GEYSERVILLE, CA - OCT. 25: Gov. Gavin Newsom tours a home destroyed in the Kincade Fire, with Cal Fire officials, Friday, Oct. 25, 2019, in Geyserville, Calif. (Karl Mondon/Bay Area News Group)

Updated Feb. 6, 2020.

Calling the bankruptcy of California’s largest investor-owned utility a “godsend,” Gov. Gavin Newsom has threatened a public takeover of Pacific Gas & Electric unless it can transform into a provider of affordable, reliable, clean and — above all — safe energy. That means no more ferocious wildfires sparked by PG&E equipment. That means no more fire-season blackouts that drag on for days or weeks, disrupting the state’s $3 trillion economy.

It has been a little over a year since PG&E sought Chapter 11 protection, fearful that it might be locked out of the capital market by mounting wildfire liability and a fire-prone, climate-driven future. Reorganization was intended to give the company breathing room, keep utility workers employed — and keep Northern California’s lights on.

PG&E hasn’t been without lifelines. Last year, the state created a fund to help utilities deal with the rising risk of wildfires. If PG&E emerges from bankruptcy by June 30, it can qualify for that assistance — something it desperately needs to get out of a hole created by nearly $25 billion in settlements with wildfire victims and insurers. One by one, as the current reorganization has proceeded, most of those victims, along with insurers and bondholders, have signed on to PG&E’s plan, in order to be repaid.

But PG&E also has a long, bitter history with Californians, from the lax maintenance that led to eight deaths in a 2010 San Bruno gas explosion to the groundwater contamination that prompted a class action lawsuit in the 1990s to the role its aging equipment has played in recent wildfires. Only Newsom, speaking for a distrustful public, now stands in the utility’s way.

Burned homes, trees and vehicles in the Northern California city of Santa Rosa, after a devastating 2017 wildfire. Photo by Anne Belden, istockphotos.com
A neighborhood in the Northern California city of Santa Rosa, after a devastating 2017 wildfire. Photo by Anne Belden, istockphotos.com

Newsom has resolved to block the electricity provider unless it overhauls its corporate governance, refocuses on safety and opens itself up to state control if conditions become dangerous. He can do that: PG&E’s reorganization plan requires approval from Newsom’s appointees on the California Public Utilities Commission.

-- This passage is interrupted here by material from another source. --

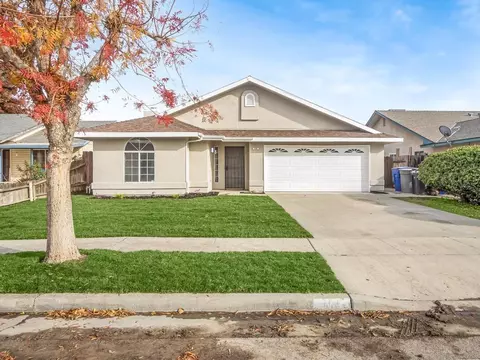 754 Basil Ct, Lemoore, CA 93245 photo 1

PG&E has pledged to bring in some new board members and a safety monitor. But the utility wants to keep its corporate structure intact and use stock to pay half of the settlement it owes victims of the fires caused by its equipment, essentially making them shareholders. Meanwhile, tree-trimming it was supposed to do to mitigate future risk remains backlogged. And even under its best-case scenarios, blackouts can be expected for another decade.

So can Newsom force change? And if he does, what might that change look like?

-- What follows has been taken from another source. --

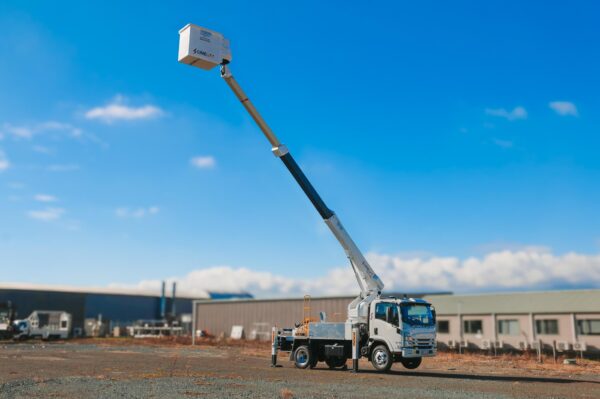 Linelift® DHT120 on Isuzu NQR500 Truck - Image 10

History isn’t on Newsom’s side, but …

Newsom has insisted “there’s gonna be a new company or the state of California takes it over.” But he hasn’t offered any specifics about what a public acquisition would look like – let alone mention that any takeover could cost $60 billion or more, a high price even for a state with an $18 billion rainy day fund. And bankruptcy court may be a difficult venue to do it.

“We haven’t seen the bankruptcy system in recent years used to dramatically alter the structure of a major privately owned public utility,” said Jared Ellias, law professor at UC Hastings. “This is new. There’s not a set of transaction documents sitting on anybody’s shelf.”

PG&E CEO Bill Johnson answers questions before the California Senate Energy, Utilities and Communications Committee about the recent public safety power shutoffs and the role of the utility company in this year’s wildfires across Northern California. Photo by Anne Wernikoff for CalMatters

Still, state and local leaders don’t want to allow the status quo given PG&E’s poor track record.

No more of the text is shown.